Analyzing Baseball Park Factors: Highlighting Unrealistic Data
The last time I posted, I used Minitab to find an error in the baseball park factor data that ESPN provides on its website. The error was easy to spot because no other values for Chase Field were below 1.
As a reminder, here’s how ESPN reports it calculates park factors:
((homeRS + homeRA)/(homeG)) / ((roadRS + roadRA)/(roadG))
- homeRS is the number of runs the team scored at home.
- homeRA is the number of runs opposing teams scored against the team at home.
- roadRS is the number of runs a team scored on the road.
- roadRA is the number of runs opposing teams scored against the team on the road.
- homeG is the number of games the team played at home.
- roadG is the number of games the team played on the road.
Note that baseball teams play the same number of road and away games in most seasons, so this typically reduces to (homeRS + home RA) / (roadRS + roadRA). But be careful if your analysis includes seasons like 1994.
Another way to use graphs to spot errors is to look for values that simply seem unrealistic, even if they are more like the other values a park produces. In the graphs below, I’ve added reference lines at 0.6 showing where I think clearly unrealistic values would fall. Could park design really be so extreme that a team would score less than 60% of the runs at home that it would at all of the various parks in played in on the road? The points I’ve edited show the first 8 points I checked the data with ESPN’s formula using data from baseball-reference.com. I corrected the point for Chase Field that I discussed last time.

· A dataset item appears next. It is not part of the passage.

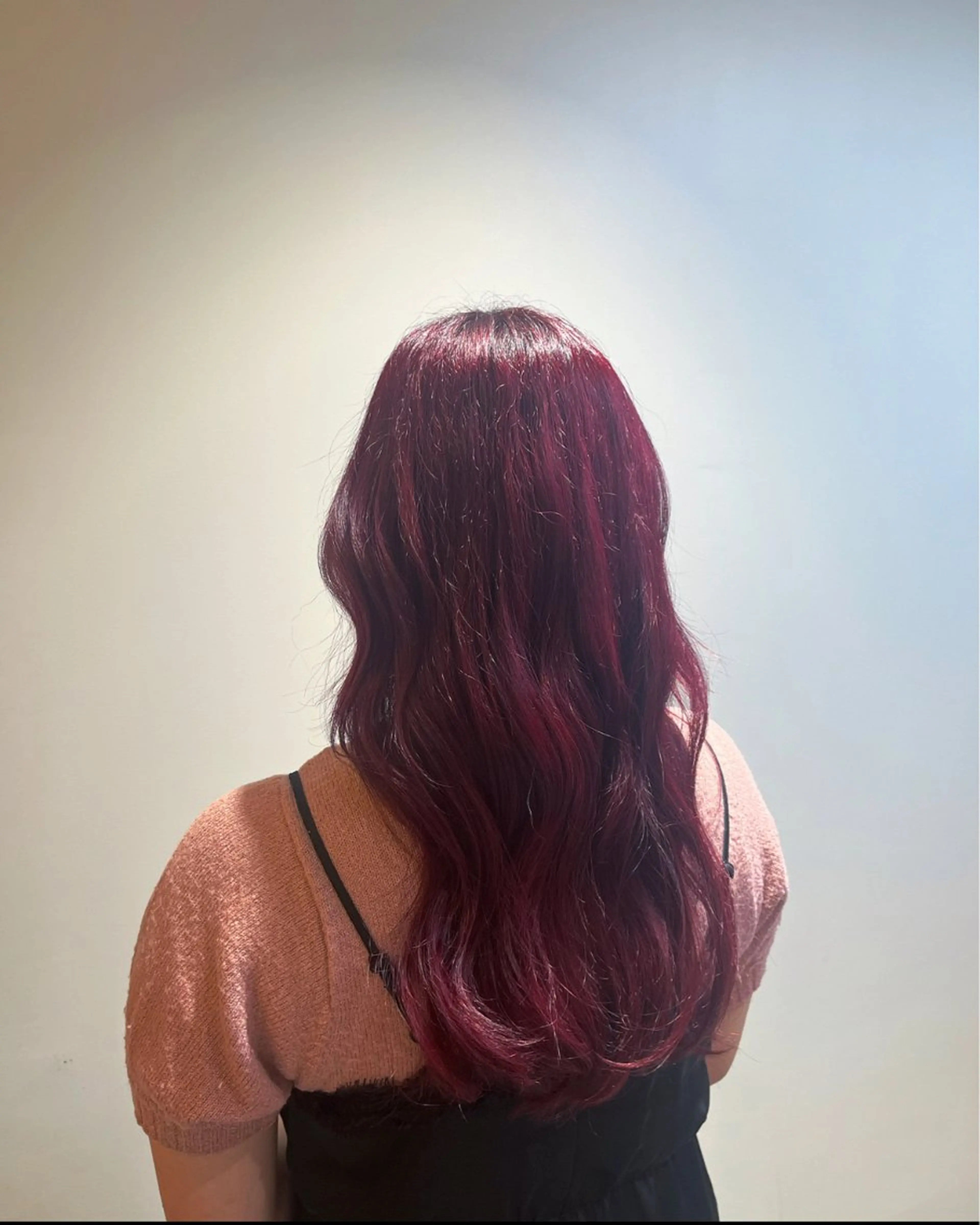 ロング カラー 髪質改善/艶髪 /SARA💕のヘアスタイル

Some of the values look as obviously wrong as the Chase Field value was. It seems unrealistic that Minute Maid Park and Turner Field – which typically play neutral – would produce values of 0.562, 0.651, and 0.655. Other low values fit the patterns of their parks better. The Oakland County Coliseum has not one, but two unusually low values. The minimum for Safeco Field – always a pitchers' park – is not so different from other years. The new Yankee Stadium shows one unusually high value, but the low value is not so far off from other years.
When you check the values with the formula that ESPN provides, they're all wrong. With those 9 points corrected, the graphs look like this:
Minitab graphs make it easy to see when unrealistic values occur so that you can check them in your own data. It seems safe to say that if you calculate park factors according to the formula that ESPN reports, then a value below 0.6 is almost certainly an error. The minimum value I found as I was checking the data set turned out to be 0.6454 for the 2012 Seattle Mariners, which had been recorded as 0.687. Someone should probably warn Nate Silver.